英語で尊厳はdignityという言葉ですが、フランス語も、イタリア語も、スペイン語も、ほぼ似たような言葉で、いずれも、これらの語源はすべてラテン語のdignitasに遡ります。しかし、このラテン語も尊厳の意味を十分に伝えていません。。
ところで、詳しいラテン語の辞書でdignitasをしらべていると、ギリシャ語のデコマイ(δεχομαι)を参照するよう書かれていましたので、ギリシャ語の辞書を調べたところ、そこに答えが書かれていました。

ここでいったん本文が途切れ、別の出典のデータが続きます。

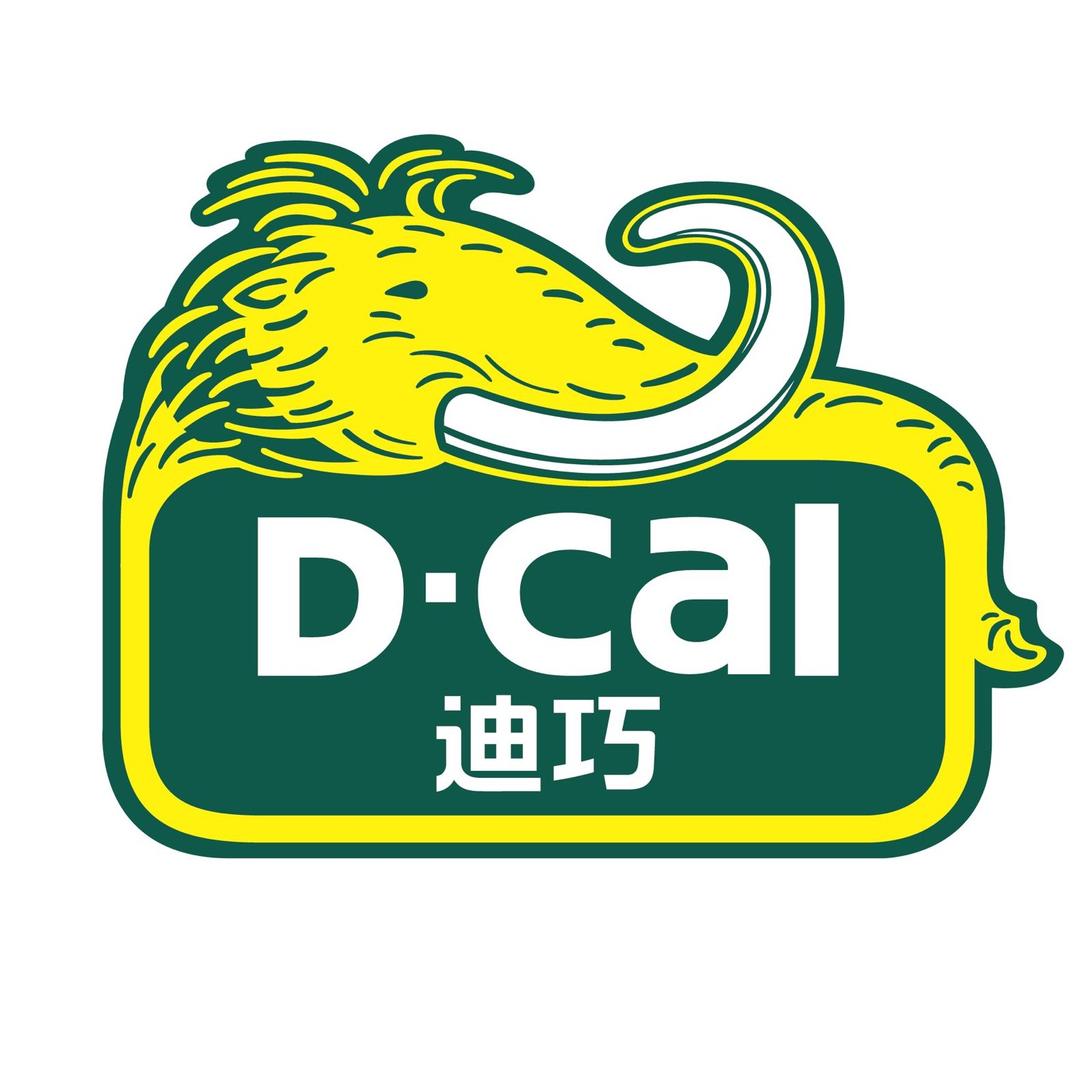 迪巧 D-CAL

それは「喜んで受け取る」ということです。ある人の、あるいは、人々の、尊敬、敬愛、好意、賞賛などを喜んで受け取るということで、ある辞書によると、デコマイは名誉のある(honarable)という意味であるという説明のついたのもありました。
、従いまして、尊厳という言葉の奥には、まず、名誉があるということになると思います。しかし、尊厳は単なる名誉ではなく名誉の上に恭しさとか、荘厳とか、畏れ多いなど、特別の尊敬のための感情、精神状態あるいは環境が加わっているのではないかと考えられます。
派遣労働者と正規社員とでは、同じ仕事をしていても、給料も、待遇も、将来の保証も異なり、このような差別は、派遣労働者の名誉を傷つけ人間の尊厳に反するということが出来るでしょう。
尊厳死という言葉もありますがこれは死をめぐる難しい問題であるため別の機会に考えてみたいと思います。
人間の尊厳について以上のように考えてみました。